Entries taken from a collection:
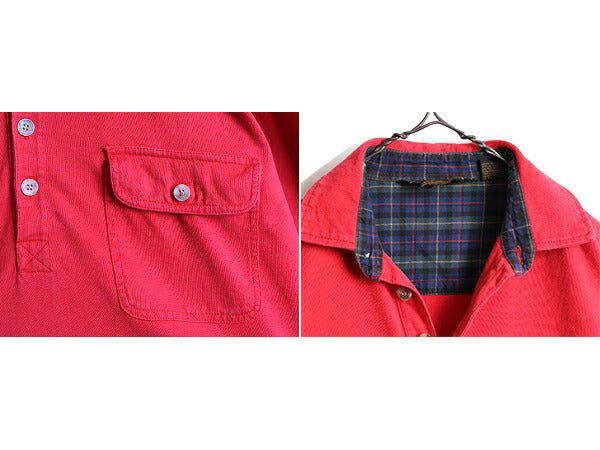 80s ■ エディバウアー プルオーバー 長袖 シャツ ( メンズ L ) 古着 80年代 ビンテージ EDDIE BAUER 黒タグ ヘビーウェイト ボックス 赤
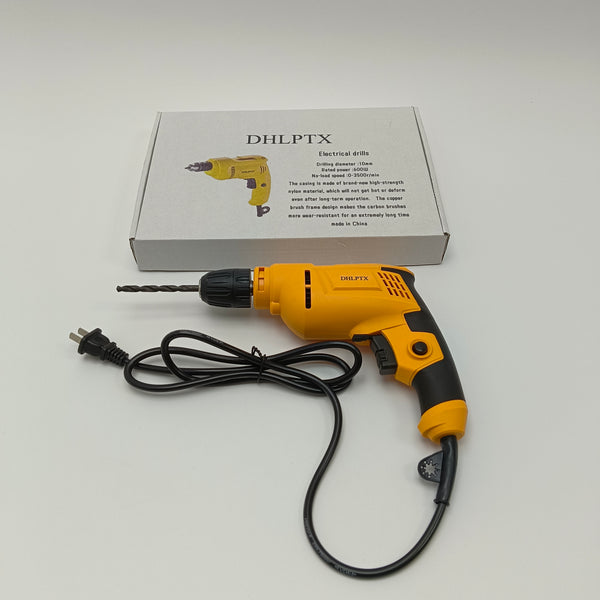 DHLPTX Electrical drills 600W Corded Power Drill, 10mm Drilling Diameter, Yellow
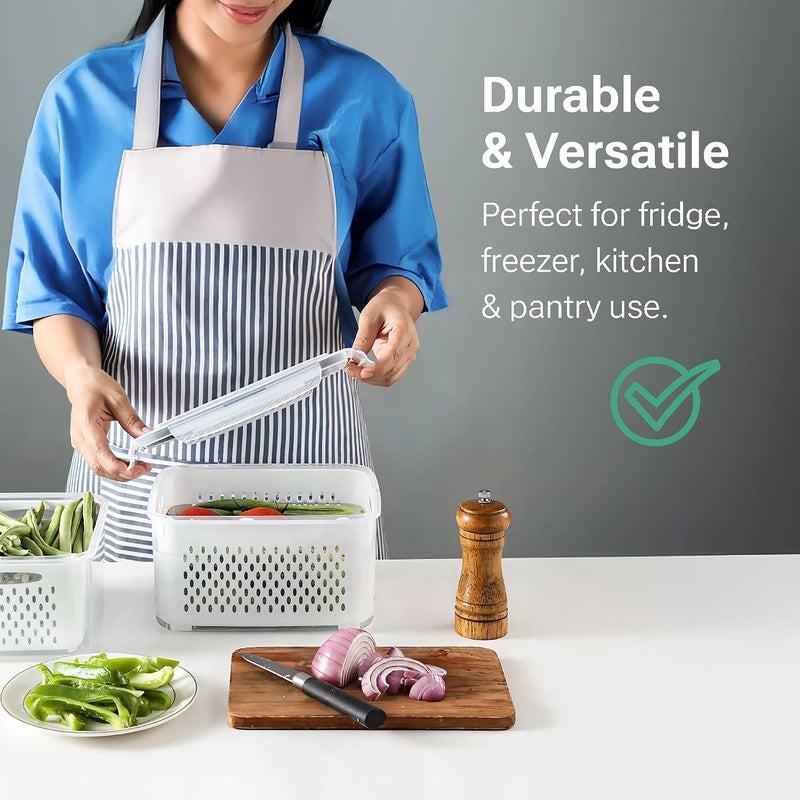 Kuber Industries 4 Pcs Set Fridge Storage Containers with Removable Colander | Airtight and Leakproof Vegetable Storage Box for Refrigerator | (Size - 750Ml_1600Ml_2850Ml_4150Ml | Transparent - Image 5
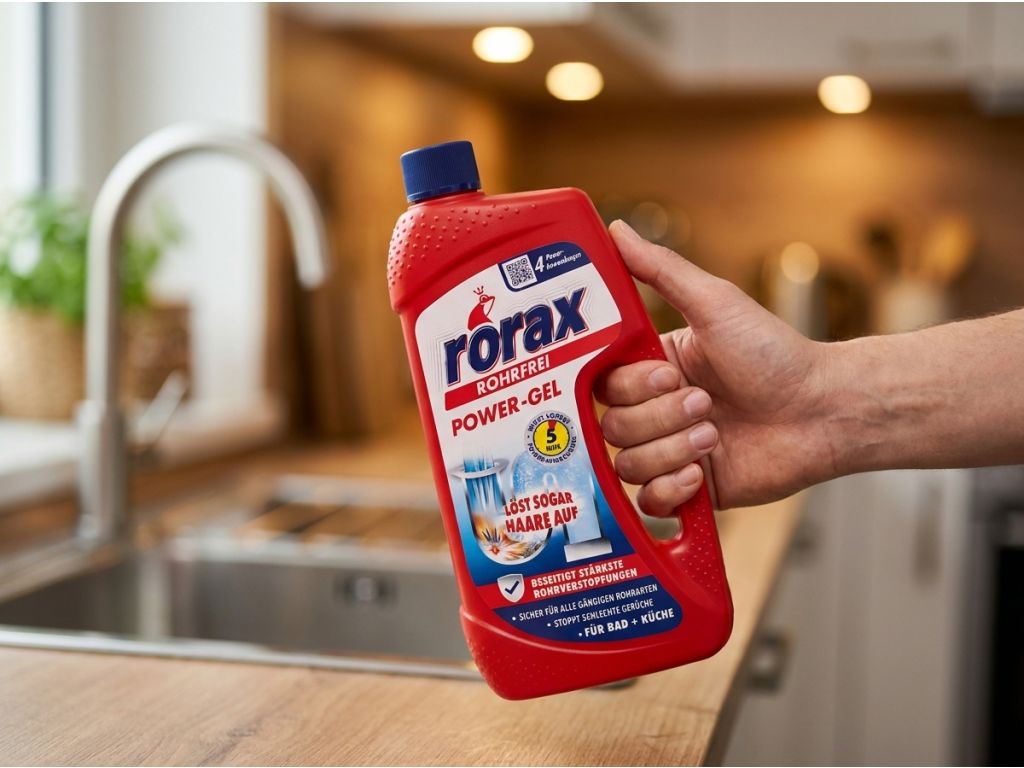 Rorax Power Gel čistič potrubí 1l - držení lahve v ruce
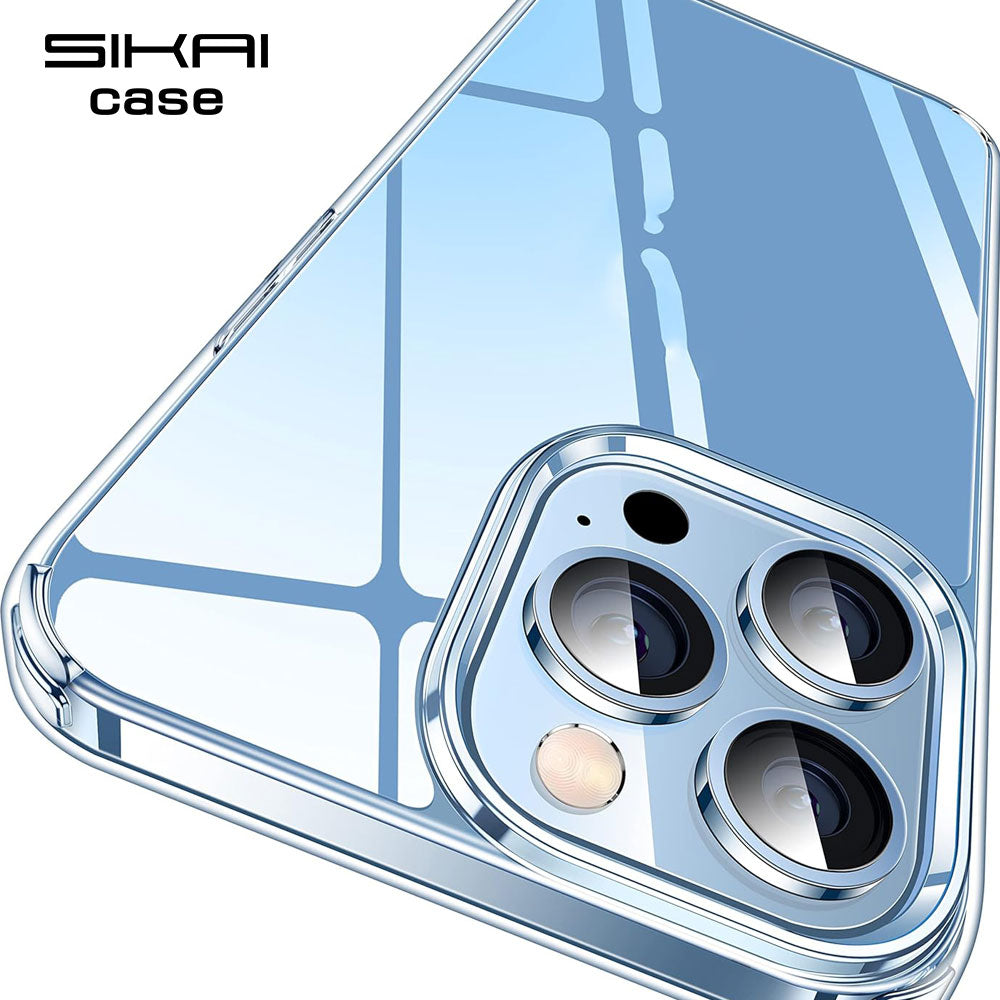 SIKAI - Funda para iPhone 13 Pro, transparente, [no amarillenta] [protección militar contra caídas] protectora a prueba de golpes para iPhone 13 Pro de 6,1 pulgadas 2021, transparente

■ What you should do: Your answer must be an exact copy of the lines above, from the line that contains "Kuber Industries 4" through the final line, with no pictures in it.

■ Exercise result:
 Kuber Industries 4 Pcs Set Fridge Storage Containers with Removable Colander | Airtight and Leakproof Vegetable Storage Box for Refrigerator | (Size - 750Ml_1600Ml_2850Ml_4150Ml | Transparent - Image 5
 Rorax Power Gel čistič potrubí 1l - držení lahve v ruce
 SIKAI - Funda para iPhone 13 Pro, transparente, [no amarillenta] [protección militar contra caídas] protectora a prueba de golpes para iPhone 13 Pro de 6,1 pulgadas 2021, transparente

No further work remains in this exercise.